Well,I guess I am the only one here that uses his BLAKE co-ax,and wouldn't want to be without it. Contrary to the other comments, I have heard that imports are not accurate,and should be avoided. Several machinists on the Practical Machinist's Forum have said to avoid them. If it is like other Asian imports,I'd nearly guarantee that whether or not you get a decently  accurate one is going to be a matter of pot luck because Asian quality control is IFFY at best. I NEVER believe the inspection sheets that come with their machines. I just set up my machines and adjust them myself.  I have been lucky to get Asian machines that were not full of sand,and not accurate.  My friend who works at NASA,running the machine shop,got a 14" Jet whose apron was FULL of chips. He had to send it back. Not an easy job! My first 10" Jet was o.k.. That was in 1975.

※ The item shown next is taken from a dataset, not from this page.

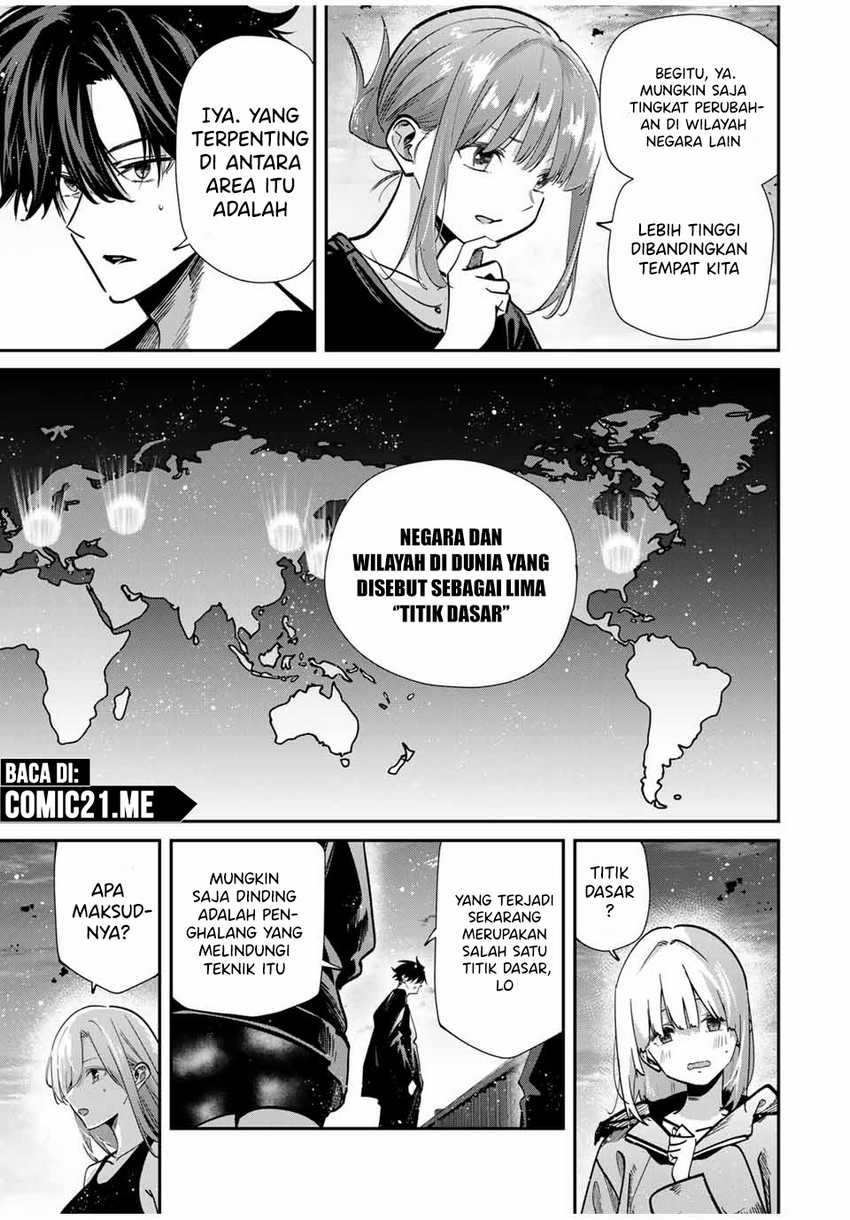 Kono Sekai ga Izure Horobu Koto wo, Ore dake ga Shitte Iru Chapter 96 - halaman 4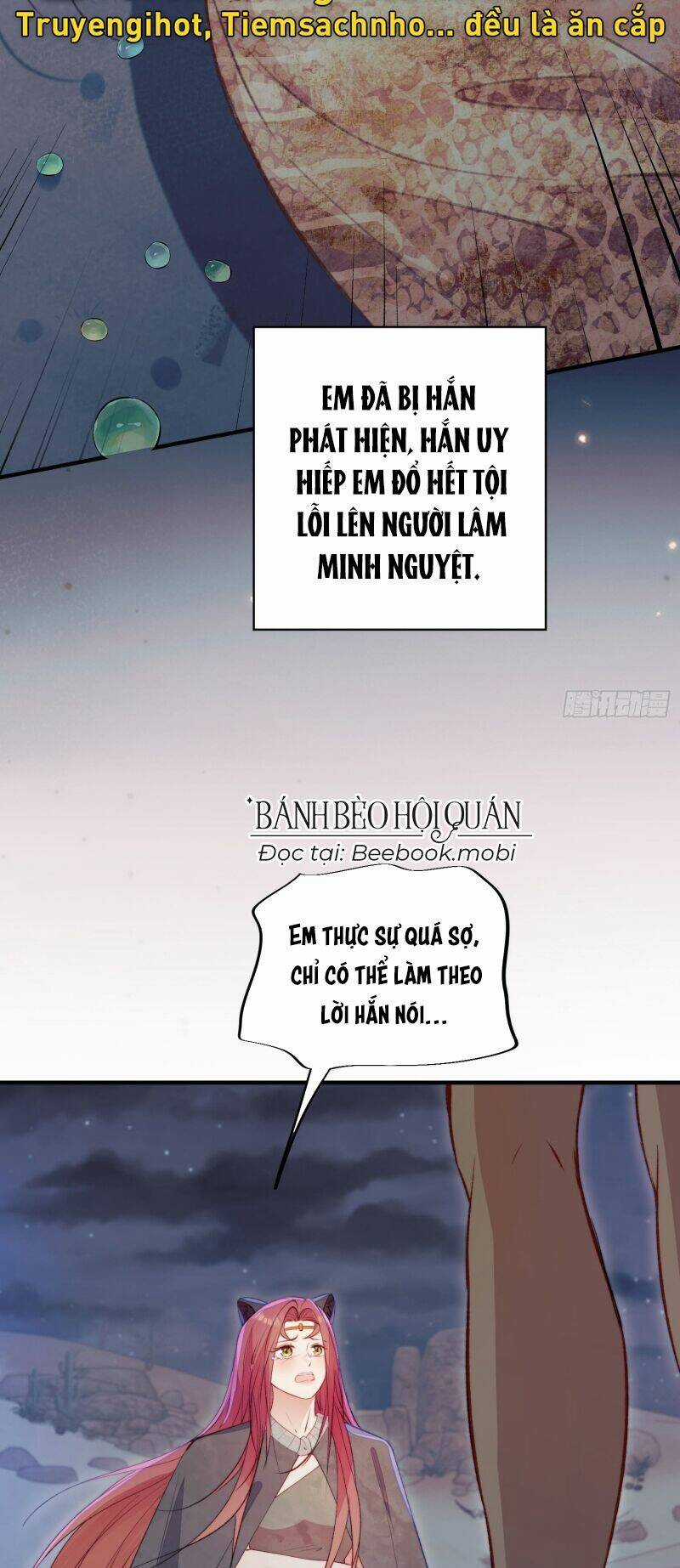 Thú Thế Ngọt Sủng, Tôi Ở Dị Giới Làm Vũ Thần Chapter 23 trang 17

I find my Blake indispensable for centering up holes within .0001". One special use I have for mine is I have a 3/4" arbor table saw,and can only buy 5/8" hole saw blades. I keep a small boring head with a carbide bar set for this job. The co-ax makes it so much easier for me to get the saw blade perfectly centered. I've also enlarged saw blades for others. It depends upon what you are doing. I also have the center punch locator. It is easy to very accurately align holes that must be bored accurately in location.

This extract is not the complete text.